Adedeji, who made this known during a television dialogue on Monday, also said the Federal Government will harmonise all revenue-collecting agencies.
“Today, we collect under N15trn as the total annual revenue but our plan between now and the next three years is to double that revenue without increasing taxes and without bringing additional taxes,” he said. “We just want to deepen our collection system, we just want to simplify it into this data and technology and drive the revenue.”
According to the President’s revenue chief, Nigeria has a revenue problem but the current administration is prepared to tackle the challenge through fiscal discipline and harmonisation of revenue channels using technology to view all government revenue-collecting agencies in realtime.
“We’ve identified multiple taxes as one of the problems.

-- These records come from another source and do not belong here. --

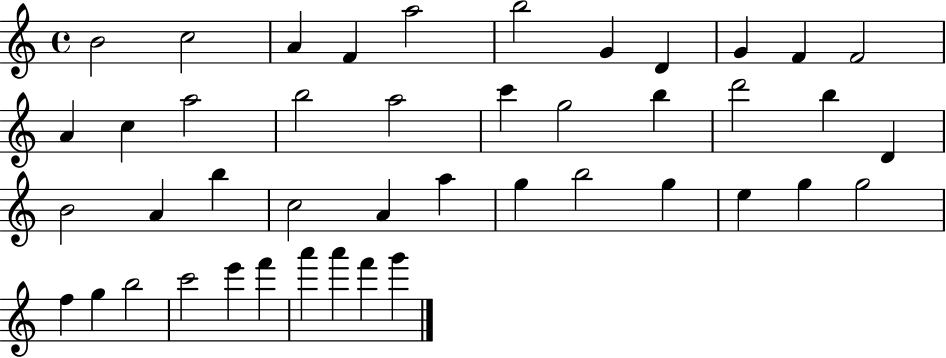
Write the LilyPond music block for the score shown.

{
  \clef treble
  \time 4/4
  \defaultTimeSignature
  \key c \major
  b'2 c''2 | a'4 f'4 a''2 | b''2 g'4 d'4 | g'4 f'4 f'2 | \break a'4 c''4 a''2 | b''2 a''2 | c'''4 g''2 b''4 | d'''2 b''4 d'4 | \break b'2 a'4 b''4 | c''2 a'4 a''4 | g''4 b''2 g''4 | e''4 g''4 g''2 | \break f''4 g''4 b''2 | c'''2 e'''4 f'''4 | a'''4 a'''4 f'''4 g'''4 | \bar "|."
}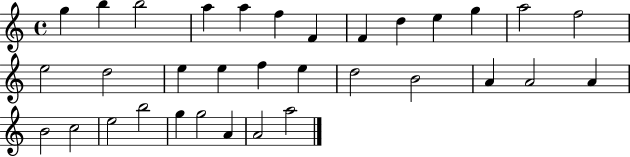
X:1
T:Untitled
M:4/4
L:1/4
K:C
g b b2 a a f F F d e g a2 f2 e2 d2 e e f e d2 B2 A A2 A B2 c2 e2 b2 g g2 A A2 a2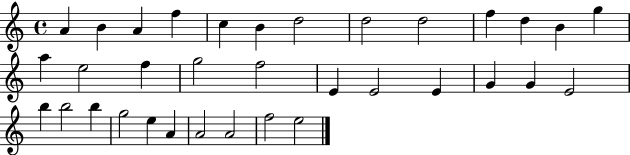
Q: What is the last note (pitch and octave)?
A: E5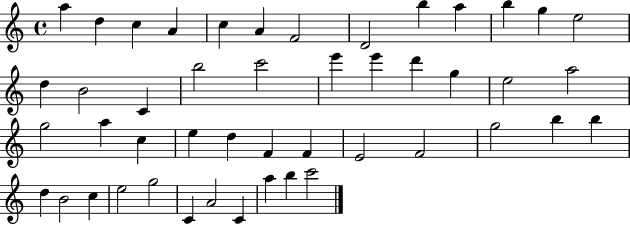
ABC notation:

X:1
T:Untitled
M:4/4
L:1/4
K:C
a d c A c A F2 D2 b a b g e2 d B2 C b2 c'2 e' e' d' g e2 a2 g2 a c e d F F E2 F2 g2 b b d B2 c e2 g2 C A2 C a b c'2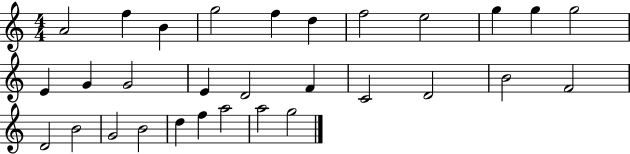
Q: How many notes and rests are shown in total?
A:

Multiple generation and collection agencies, lack of technology, all these we’ve identified as major problems that confront our ability to generate what we need,” he said.
Adedeji said the current administration will formulate and implement sound economic policies and laws that will lead to prosperity for all.
He said most of the country’s tax laws are obsolete, noting that the recently established Presidential Committee on Fiscal Policy and Tax Reforms chaired by Taiwo Oyedele will review the existing laws on economy and taxation and come up with realistic laws in consonance with current economic realities.
“If you look at our fiscal space, it is being governed by only two laws as of today. We have Finance Management Act of 1958 and Fiscal Responsibility Act,” Adedeji stated.
“The Stamp Duty Law was given to us by the British in 1939 when there was no internet,” he said, noting that the Oyedele-led committee will come up with fresh laws that reflect current economic realities.
The President’s revenue chief said the philosophy of the government is not to tax poverty and production but prosperity and consumption.
He sympathized with Nigerians over the hardship occasioned by the removal of petrol subsidy. The President’s aide said the initial economic pain and inflation currently suffered by Nigerians is for a short time, assuring the people that they will soon start to smile under the Tinubu administration.
He also said the removal of petrol subsidy and the unification of foreign exchange rates has removed the “distortion we have in our economy”, saying Nigerians would soon begin to see the “windfall which I know will bring shared prosperity for all Nigerians”.